The function
$f(x)= \begin{cases}
e^{-\frac{1}{x}} & x > 0 \\
0 & x\leq 0 \\
\end{cases}$
is a smooth function which grows, at $0$, slower than any function of the form $x^n$.
My question is, does there exist a sequence of functions $(f_n)$, infinitely differentiable at $0$ and with $f_n(0)=0$ and $f_n(x)\neq 0$ when $x\neq 0$ for all $n$, with the following property?
For any function $f$ infinitely differentiable at 0 where $f(0)=0$ and $f(x)\neq 0$ when $x\neq 0$ there exists a natural number $N$ such that for all $n\geq N$, we have $\lim_{x\rightarrow 0}\frac{f_n(x)}{f(x)}=0$.

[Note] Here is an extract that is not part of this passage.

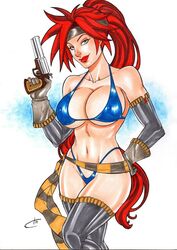 1girls 2019 bandana battle_chasers big_breasts big_breasts bikini bikini_bottom bikini_top blue_bikini blue_bikini_bottom blue_bikini_top blue_bra blue_eyes blue_thong bra breasts busty carla_torres cleavage dated ed_benes_studio eyeshadow female female_only gloves grey_bandana grey_gloves grey_headband grey_thighhighs gun hand_on_hips headband holding_gun holding_weapon huge_breasts large_breasts lipstick long_hair looking_at_viewer makeup mascara nipple_bulge partially_visible_nipples pinup ponytail red_hair red_lips red_lipstick red_monika sash signature solo striped_sash thighhighs thighs thong traditional_media very_long_hair weapon wildstorm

Or is there no such sequence of functions, i.e. for any sequence of functions does there exist a function which grows more slowly than all the functions in the sequence?
Best Answer
There is no such $C^\infty$ function. To prove this, let $f_n$ satisfy the conditions you specify. WLOG, we can assume all $f_n>0$ on $\mathbb R\setminus \{0\}.$ If that is not true, go to the functions $f_n^2.$ We will construct an even $f\in C^\infty(\mathbb R),$ positive on $\mathbb R\setminus \{0\}$ and strictly increasing on $[0,\infty),$ such that for every $n,$
$$\tag 1\lim_{x\to 0} \frac{f_n(x)}{f(x)}=\infty.$$
For any $g\in C^l(\mathbb R),$ define
$$\|g\|_l = \sum_{j=0}^{l}\sup_{\mathbb R} |D^jg|.$$
If $g_k\in C^\infty(\mathbb R), k = 1,2,\dots,$ and $\sum_{k=1}^{\infty} \|g_k\|_l <\infty$ for each $l,$ then $\sum_{k=1}^{\infty} g_k \in C^\infty(\mathbb R).$ Furthermore, for each $l,$
$$D^l\left(\sum_{k=1}^{\infty} g_k\right ) = \sum_{k=1}^{\infty} D^lg_k.$$
Choose a sequence $a_1>a_2 > \cdots \to 0.$ For each $k,$ set $E_k=\{x:a_{k+1}\le |x|\le a_k\}$ and define $m_k$ to be the smallest of the numbers
$$\min_{E_k} f_1,\min_{E_k} f_2,\dots,\min_{E_k} f_k.$$
Now choose a positive sequence $c_k\to 0$ such that $c_km_k$ strictly decreases to $0.$
For each $k$ we can choose $g_k\in C^\infty(\mathbb R)$ with $g_k>0$ on $(a_{k+1},a_k)$ and $g_k=0$ elsewhere. By multiplying by small enough positive constants we can also require
$$\|g_k\|_k < 1/2^k \text { and } \int_{a_{k+1}}^{a_k} g_k < c_km_k - c_{k+1}m_{k+1}.$$
We then define
$$g = \sum_{k=1}^{\infty}g_k.$$
This $g\in C^\infty(\mathbb R).$
Finally we get to define $f$ (almost): Define
$$f(x) = \int_0^x g,\,\, x\in \mathbb R.$$
Then $f\in C^\infty(\mathbb R)$ and $f$ is strictly increasing on $[0,\infty).$ Fix $n.$ Claim: If $x\in [a_{k+1},a_k]$ and $k\ge n,$ then
$$\tag 2\frac{f_n(x)}{f(x)} \ge \frac{1}{c_k}.$$
Since $c_k\to 0^+,$ $(2)$ proves $(1),$ at least as $x\to 0^+.$ To prove $(2),$ note $f(x)\le f(a_k).$ Now
$$f(a_k) = \int_0^{a_k} g =\sum_{j=k}^{\infty}\int_{a_{j+1}}^{a_j} g_j < \sum_{j=k}^{\infty}(c_jm_j - c_{j+1}m_{j+1}) = c_km_k.$$
So
$$\frac{f_n(x)}{f(x)}\ge \frac{f_n(x)}{f(a_k)} > \frac{m_k}{c_km_k}=\frac{1}{c_k},$$
proving $(2).$
We're done except for a minor detail. This $f=0$ on $(-\infty,0].$ All we need to do is redefine $f$ for $x\le 0$ by setting $f(x)=f(-x).$ Because all $D^lf(0)=0$ for the original $f,$ the redefined $f\in C^\infty(\mathbb R ).$ Since the $m_k$ took into account the behavior of the $f_n$ to the left of $0,$ we have our counterexample as claimed.